Faith CoLab: Tapestry of Faith: The Wi$dom Path: An Adult Program on Money, Spirit, and Life

Activity 1: Where in the World?

Part of The Wi$dom Path

Activity time: 35 minutes

Materials for Activity

  • Story 1, Follow Your Labels
  • Centering table items from opening
  • A display map of the world or a globe
  • A pad of sticky notes
  • Newsprint, markers, and tape
  • Music player and speakers
  • Optional: An object to pass from speaker to speaker during discussion.

Preparation for Activity

  • Use sticky notes to mark Costa Rica, Bangladesh, Columbia, Cambodia, Honduras, China, and Ethiopia, the countries mentioned in the story, on your globe or map. You may also wish to mark the origin countries of the clothing and food items laid out on your centering table. Display it where all will be able to see.
  • Ask up to six volunteers to read the story Follow Your Labels aloud. If possible, give the text to volunteers in advance.
  • Write these statements and questions on newsprint, and post them:
    • What insights did you gain from the story and/or the song? How do you respond to the powerful question, “Are my hands clean?”
    • As we move from not knowing about the origins of our food and clothing to being aware, what actions can we take to help create economic structures designed to serve the common good?
    • What can you do to more closely align your food and clothing choices with our UU values? What are the barriers to “doing the right thing”?
  • Set up music player and speakers and queue selection.

Description of Activity

Read aloud this opening paragraph from the Economic Globalization Statement of Conscience passed by the delegates to the 2003 UUA General Assembly:

While economic globalization has helped some people attain higher standards of living, it has marginalized and impoverished many others and has resulted in environmental degradation and the depletion of natural resources. The benefits of economic globalization have been inequitably distributed and have not reached many people around the world. Our vision of the world as an interconnected web challenges us to turn from self-serving individualism toward a relational sense of ourselves in a global community, and toward practices that help create economic structures designed to serve the common good. We are called to bring our Unitarian Universalist Principles to our understanding of economic globalization and to help mitigate its adverse effects.

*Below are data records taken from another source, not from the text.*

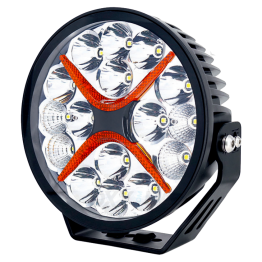 Фара додаткового світла DriveX WL R-105 DLX 7" COMBO+DRL 16L-80W OSR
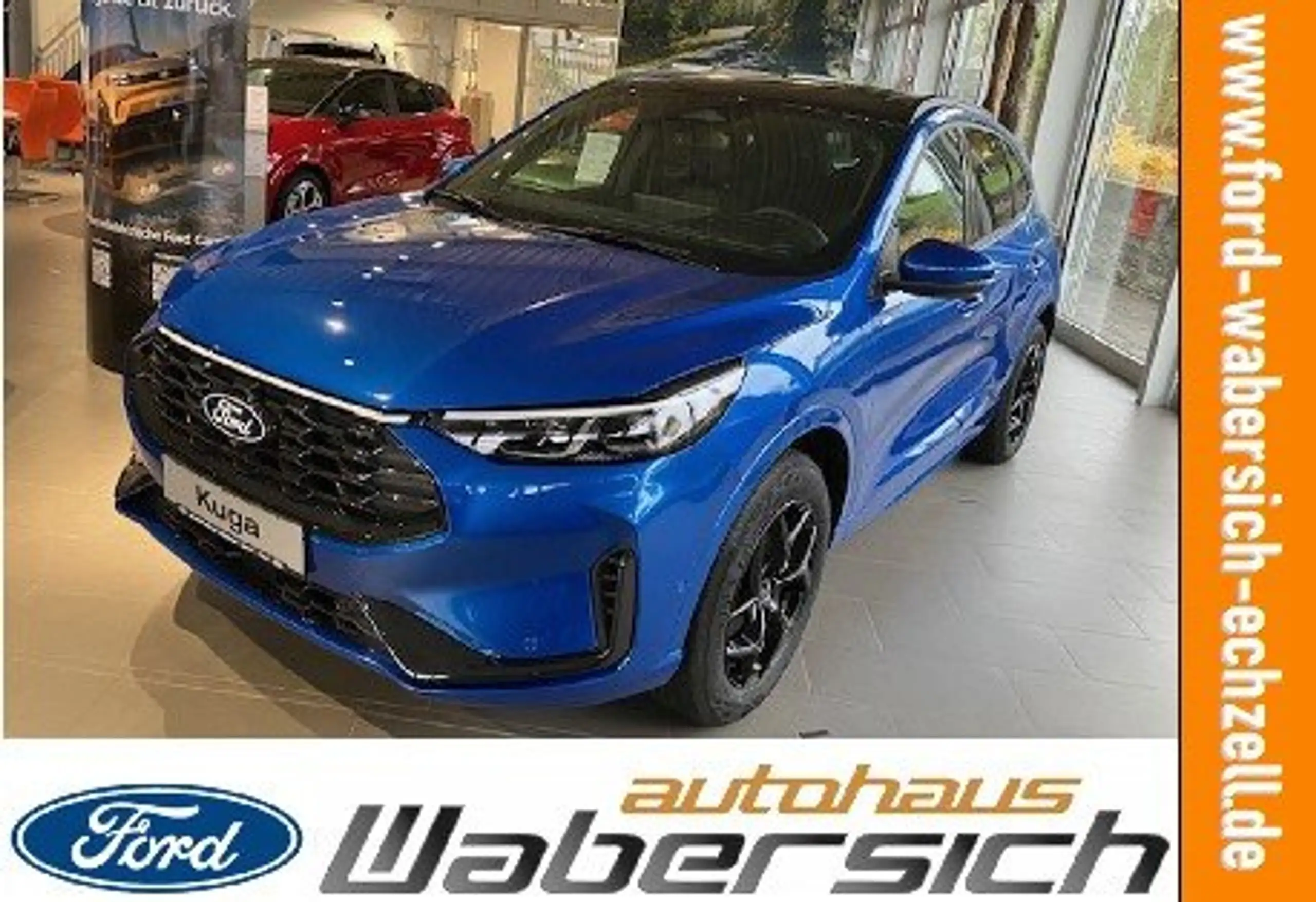 Ford Kuga 2021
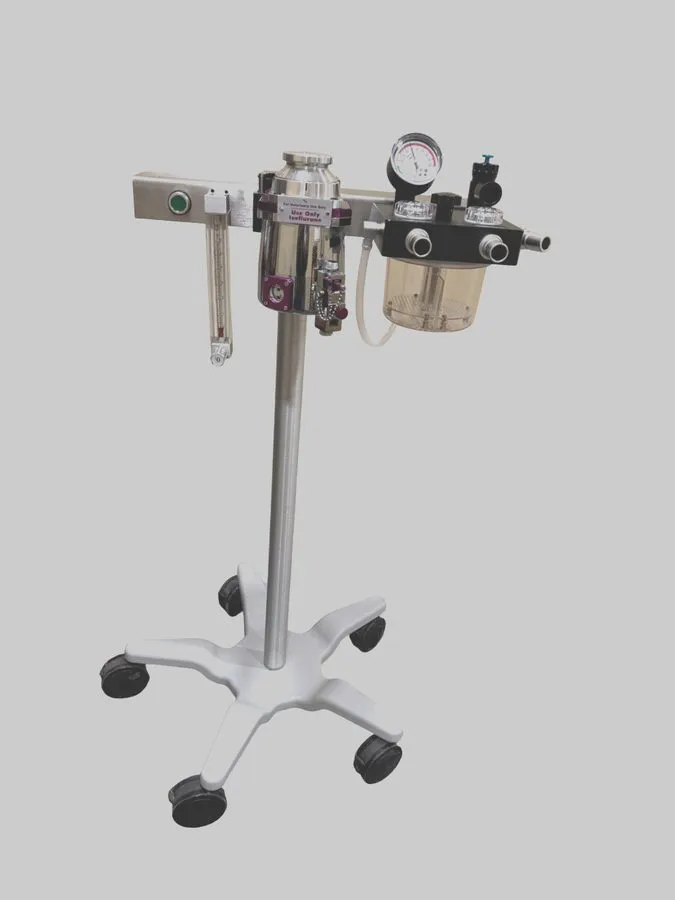 Медицинское оборудование Veterinary Isoflurane Anesthesia Machine KAN-7300 Compl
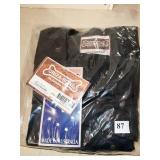 DRY AS A BONE OUTBACK COAT MADE IN AUSTRALIA SZ.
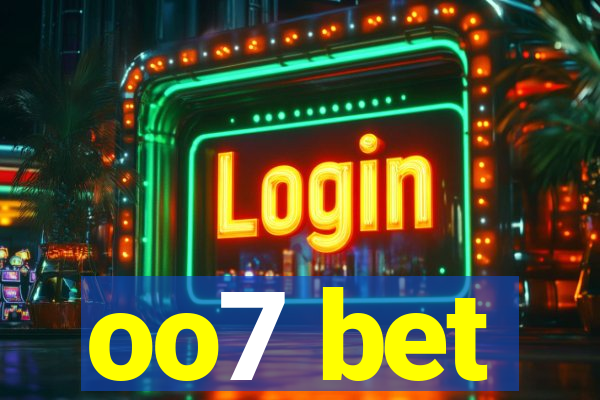 oo7 bet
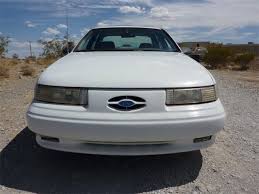 Image result for Oxford White 1992 Taurus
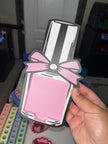 Nail Polish Sticky Notes Holder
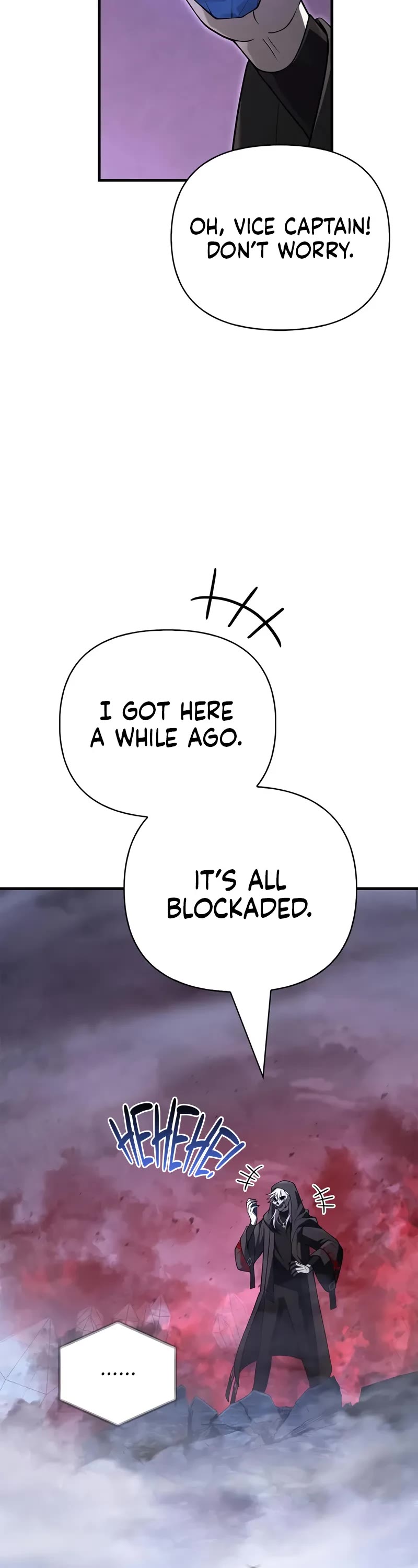 Surviving the Game as a Barbarian Chapter 136 page 91 - Chapter 136: Hehehe
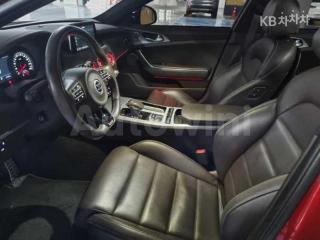 2020 KIA STINGER 3.3 TURBO 4WD GT - 19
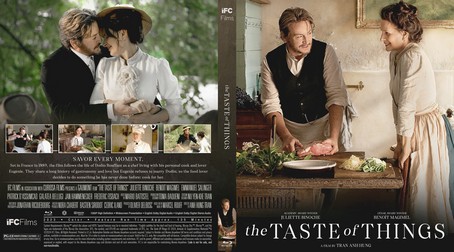 The Taste of Things 2023
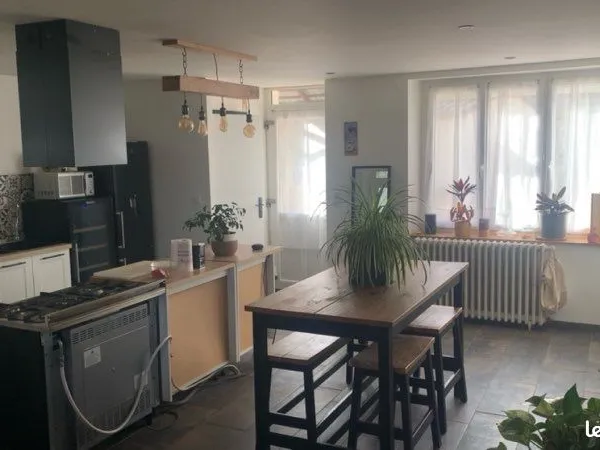 Location de maison à Allogny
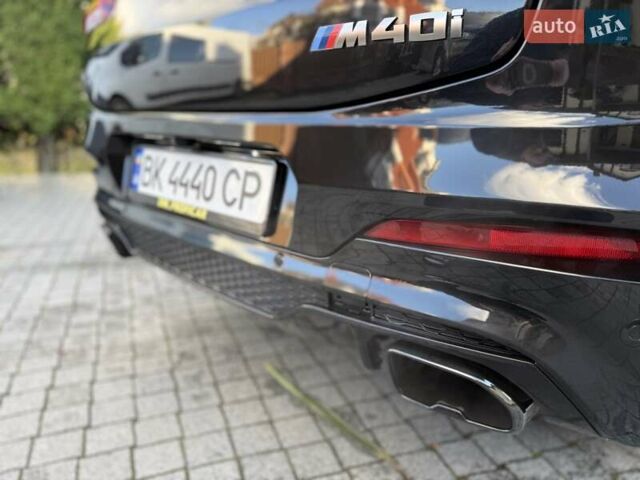 Черный БМВ Х4, объемом двигателя 3 л и пробегом 136 тыс. км за 41000 $, фото 4 на Automoto.ua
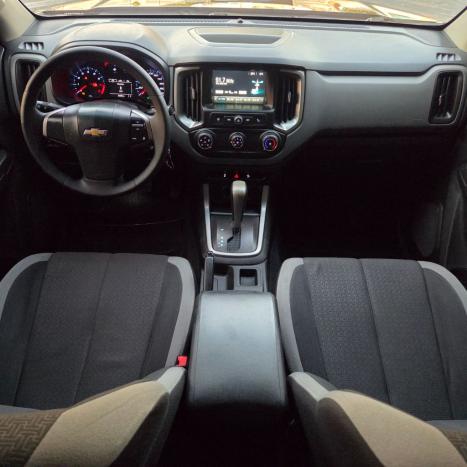 CHEVROLET S10 2.5 FLEX LT CABINE DUPLA AUTOM�TICO, Foto 16
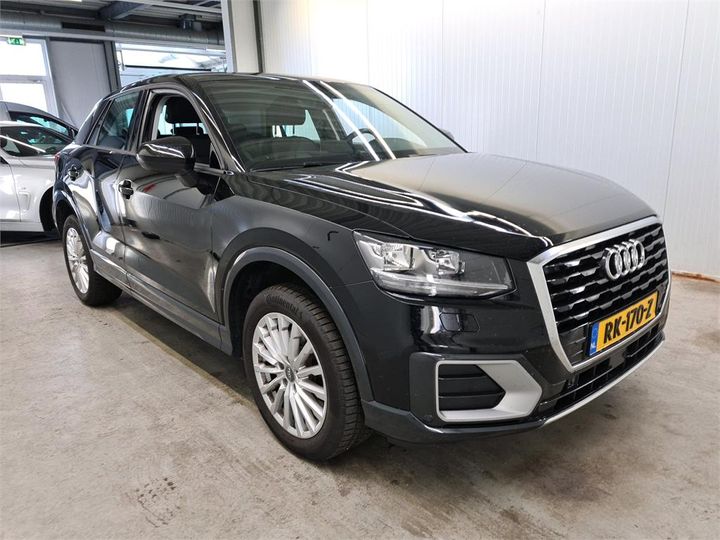 Photo 2 VIN: WAUZZZGA5JA058548 - AUDI Q2 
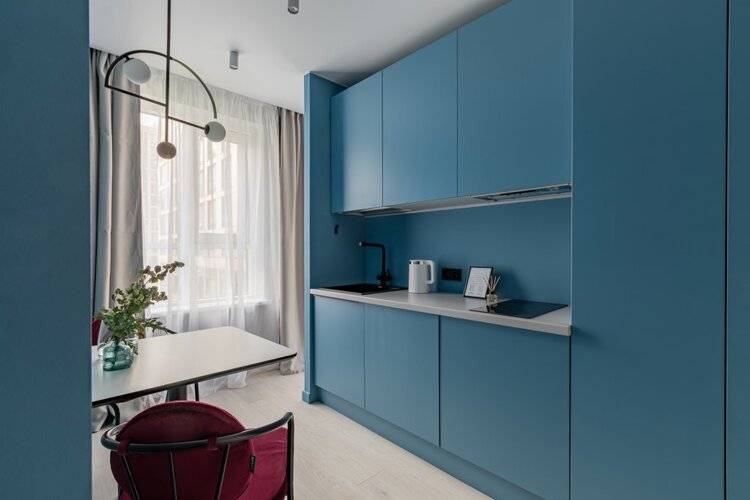Жилое Помещение Luxury Ligovsky Blue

Call attention to the items of clothing and food you have assembled and engage a brief conversation about the impact of our economic decisions on people all around the globe. Why do our choices matter to people in places like China or Bangladesh ? What responsibility do we have for those practices and circumstances of which we might not be fully aware?

Introduce the story by saying that it comes from a July 2013 Christian Science Monitor article about the impact of the manufacture of inexpensive consumer goods on the lives of the workers who create them. Invite volunteer readers to each read a portion of the story aloud. After a few moments of silence, ask for brief initial responses. Then, invite the group to listen to the song, “Are My Hands Clean?” Share the lyrics, if you have them. Play the song, then share a few moments of silence.

Offer the posted reflection questions, one at a time, inviting each person in the circle an opportunity to respond (or pass) on a question before moving on to the next question. Encourage active listening; discourage side conversations. You may wish to use an object (if you have chosen one) to pass from speaker to speaker.


If the group is larger than ten people, form two or more circles so that each person will have adequate opportunity to share. If there is time remaining after all three questions have been addressed, open the discussion for more robust dialogue.